Books I thru VI are essentially the Didiscalia Apostolorum heavily reworded and organized into sections: Concerning the Laity, Concerning Bishops, Priests, and Deacons, Concerning Widows, Concerning Orphans, Concerning Martyrs, and Concerning Schisms.

Book VII repeats the Didache, reworded heavily in places but covering the same subjects.

Book VIII is mostly a edited version of Apostolic Tradition, but with the work discussed below as its final chapter.

Apostolic Canons

Known more formally as the Ecclesiastical Canons of the Same Holy Apostles, these were written about 380 and appended onto the end of Book VIII of the Apostolic Constitutions as its final chapter.  All eighty-five were adopted as canon law at the Council of Trullo in 692, and they remain among the canons of the Eastern Orthodox communion to this day.  The Latin church only adopted the first fifty.

Canons of Athanasius of Alexandria

The pseudepigraphic work, purporting to have been written by Athanasius, 20th Patriarch of Alexandria, was written around 400 in Egypt.  It survives whole only in Arabic, but fragments have been discovered written in Coptic.  In form, it is one hundred and seven canons.

Testamentum Domini

Written in the fifth century in Anatolia and probably based on Apostolic Tradition, it claims to be the words of Christ instructing the Apostles in how the Church is to be run.  It even includes highly detailed instructions for the layout of a church building.  On disciplinary measures, it is extremely harsh toward major sins committed after baptism, and calls for prohibition of soldiers in the church, except as hearers (that will be explained later).  There is an abundance of prayers which are very lengthy and overly wordy.  Its writer divided it into two sections of forty-seven and twenty-seven chapters respectively, an apocalypse and instructions for liturgy.  Much of it is based on Apostolic Tradition.

Canons of Hippolytus

There are thirty-eight of these, explicitly based on Apostolic Tradition.  Much of the material was left untouched, sandwiched between the introduction and an appendix which both had wholly new information and instructions.
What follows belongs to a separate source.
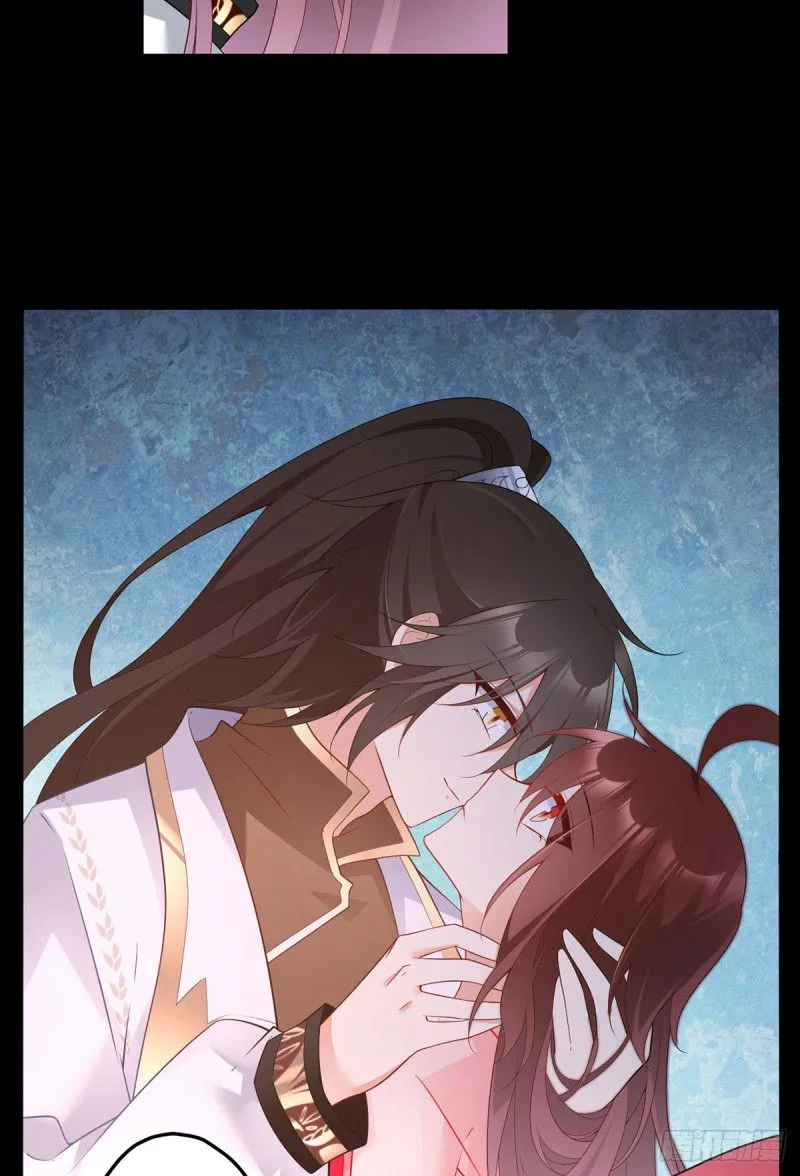 Read The Distinguished Cute Master chapter 216 image 23 on Lezhin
Church authorities collected and expanded older church orders into larger collections, such as the Verona Palimpsest, the Clementine Octateuch, the Egyptian Heptateuch, and the Alexandrine Sinodos

The Verona Palimpsest collects the Didascalia Apostolorum, the Apostolic Church Order, the Apostolic Tradition, and official Roman chronicles to the year 494. 

The Syriac Octateuch contains the Testamentum Domini, the Apostolic Church Order, the Epitome, and the Apostolic Canons.

The Clementine, or Egyptian, Heptateuch, also called the Ecclesiastical Canons, contains the Apostolic Church Order, the Apostolic Tradition, the Epitome, and the Apostolic Canons.

The Alexandrine Sinodos collects and revises the Apostolic Church Order, the Apostolic Tradition, and Book VIII of Apostolic Constitutions, without the canons.